Hesaplamadan yaşasayadım, (hesaplamadan aklıma geldiği gibi):
  • Daha çok sevgilim olurdu.
  • Daha çok çocuğum.
  • Daha çok dostum.
  • Daha çok düşmanım.
  • Sigarayı bırakmazdım.
  • Kesin anarşist olurdum (eylemlerim, molotof kokteyllerim, kara listem, tek kişilik illegal bir örgütüm, illegal bağlantılarım)
  • Hiç evim olmazdı ama sayısını bilemeyeceğim kadar bana yardım ve yataklık yapacak hücre-evlerim olurdu.
  • Kesin katil olurdum bir de.
  • Leşlerim olurdu (ulan bi tane leşim bile yok!). ve
  • Kısa ama öz bir yaşamım olurdu…
Duydunuz mu Yunanistan’ı ateşe vermiş çoçuklar, Tolga Orhan Veli’yi hatırlatarak demiş ki artık ne su ne have bedava ama arzulayıp komşudaki o gűzel ateşin dörtbiryana sıçramasını dilemek bedava.

Hesap kitap da gerektirmiyor, bari bunu dileyelim…


Dűnyanın bűtűn korkakları birleşin ve ateş hırsızı çocukları destekleyin!

11 comments:

cüneyt uzunlar said...

Tüm kalbimle destekliyorum...

Anonymous said...

Abi ben en cok su Fatih Altayli'ycinsel taciz yapilmasini isterdim. hani o ilk olarak essekle cinsel iliskiye giren asker cocuklar var ya onlara duzdurmek isterdim su Altayli'yi... tercih ettigim cins olsa once ben bi taciz etmek isterdim ya neyse...

Eleştirel Günlük said...

Hic gulecegim yoktu yahu.

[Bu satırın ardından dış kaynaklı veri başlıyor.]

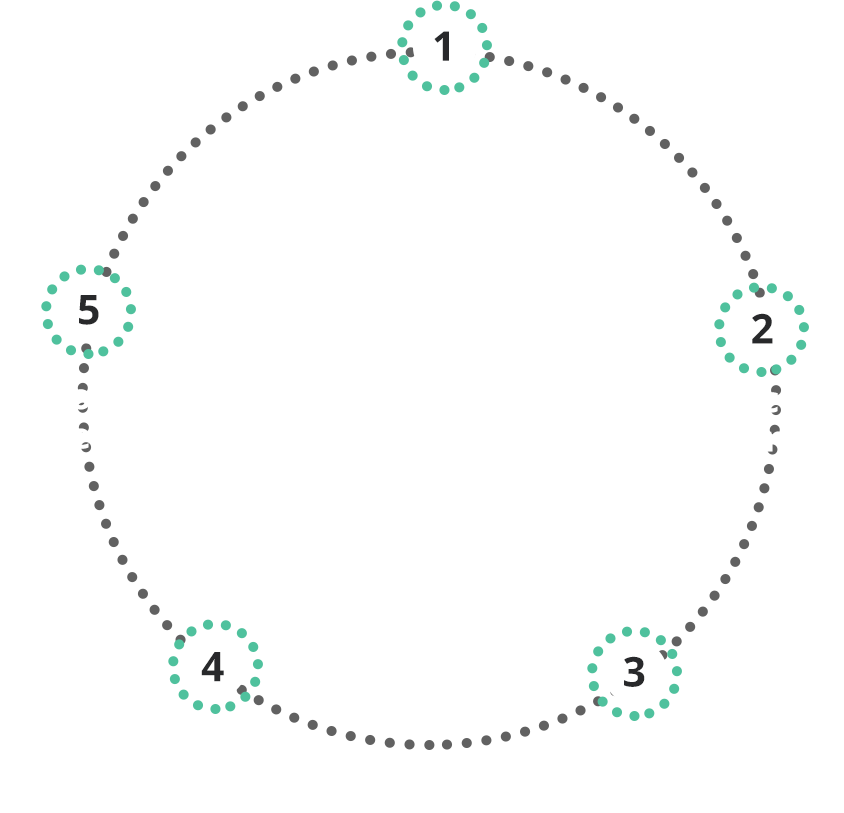 Recruitment Process Milestones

Sagol Apo..

AluminyumFolyo said...

birleşelim evet!..
ayrıca ilk iki yoruma da yürekten katılıyorum...

E.A.Şeran said...

yürekten destekliyorum ben de... kalbim atinayla birlikte atıyor günlerdir...

E.A.Şeran said...

ateş hırsızı çocuklar

zihni örer said...

Sevgili Dost,
yaramıza tuz basıyorsun bazen...
"bilginin kara deliği" konusuna bir yorum hazırlıyorken, yarım bırakmak zorunda kalmıştım.

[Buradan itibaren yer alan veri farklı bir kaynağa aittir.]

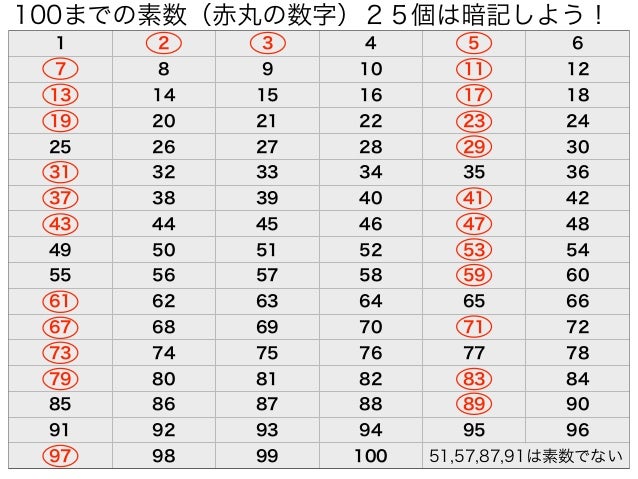 数学コンサルタント 横田秀珠式100までの素数を見つける方法 エラトステネスの篩 数学コンサルタント 横田秀珠式100までの素数を見つける方法 エラトステネスの篩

"Korkaklık" konusu da öyle "yara-tuz" meselesi.

Bir insanın korkaklığını dışavuran nedenler sadece kendi benliğinin altyapısı değil değil;
Örnek: evli, evli çocuklu ve bekar insanın korku algısı aynı benlik üzerinde farklıdır. Kendiniz ölmeyi göze alırsınız ama, çocuğunuzun ve sevgilinizin canının yanmasına katlanamzsınız.
Bu durum önemli faktörlerden biridir bana göre.
İkincisi, düşünceleriniz ve duygularınızla "önemli" olduğunuzu düşündüğünüz an, öncelikle "ölme" güdüsü değil, daha fazla "yaşama" güdüsü ve mantığı önde olmalıdır.
Çünkü, yaşarken daha verimli olacağınız kesindir.
Mücadelede asıl olan sayfayı kapatmak değil, az da olsa yol almaktır. Zira aldığınız her yol, bir sonraki neslin başladığı nokta olacaktır.
Bunları derken, pragmatizmi öne çıkarıyor değilim.
Çiviyi ittirerek ya da tek darbeyle çakmak yerine, belli tempoda ilerletmeinin daha anlamlı ve yararlı olduğunu düşündüğümdendir.
Öfke olmadan elbette hız yapılabileceğini düşünmüyorum. Öfke de coşku gibi, ilerlemenin mayası olacaktır. Öfkenin özünde (gerisinde) risk alma güdüsü vardır tabi ki. Bu riskin ölçüsünü her zaman kestiremezsiniz. Yeri geldiğinde o riske doğru yol alınmaktan kaçınılırsa, inandırıcılığınız olmayacaktır elbette. Ama, öfkenin akordunda yan faktörler dikkate alınmalıdır.

Eleştirel Günlük said...

AluminyumFolyo hosgeldin ve sagol destegin icin.

Eleştirel Günlük said...

Selam Oza selam. Kendi blogundaki toplumun yuzune indirdigin tokat guzel olmus. Buraya aynisini almama kizmassin umarim: http://selamoza.blogspot.com/

"bizler güvenli evlerimizde otururken, Engin Çeber'i, Uğur Kaymaz'ı, Baran Tursun'u ve nicelerini unuturken, hatta bilmez, görmez, duymaz, konuşmazken Atina'da polis kurşunu neler yarattı, yaratıyor... Gör,duy ve bil artık!!!"

Eleştirel Günlük said...

Zihni hocam, guzel yazmissin. Sagolasin.

Bazan aci siniri asinca tuza mi ihtiyac duyuyoruz ne! Aciyan yanlarimiz uyusmasin diye...

Eeee ben simdi "bilginin kara deligi" konusunda yazmaya baslayip bitirmediginiz yorumu da merak ettim. O konu kapanmis degil. Hala cevabi verilmemis bir konu.

Bora Karayel said...

ateş mateş güzel olmuş diyorlar gidenler.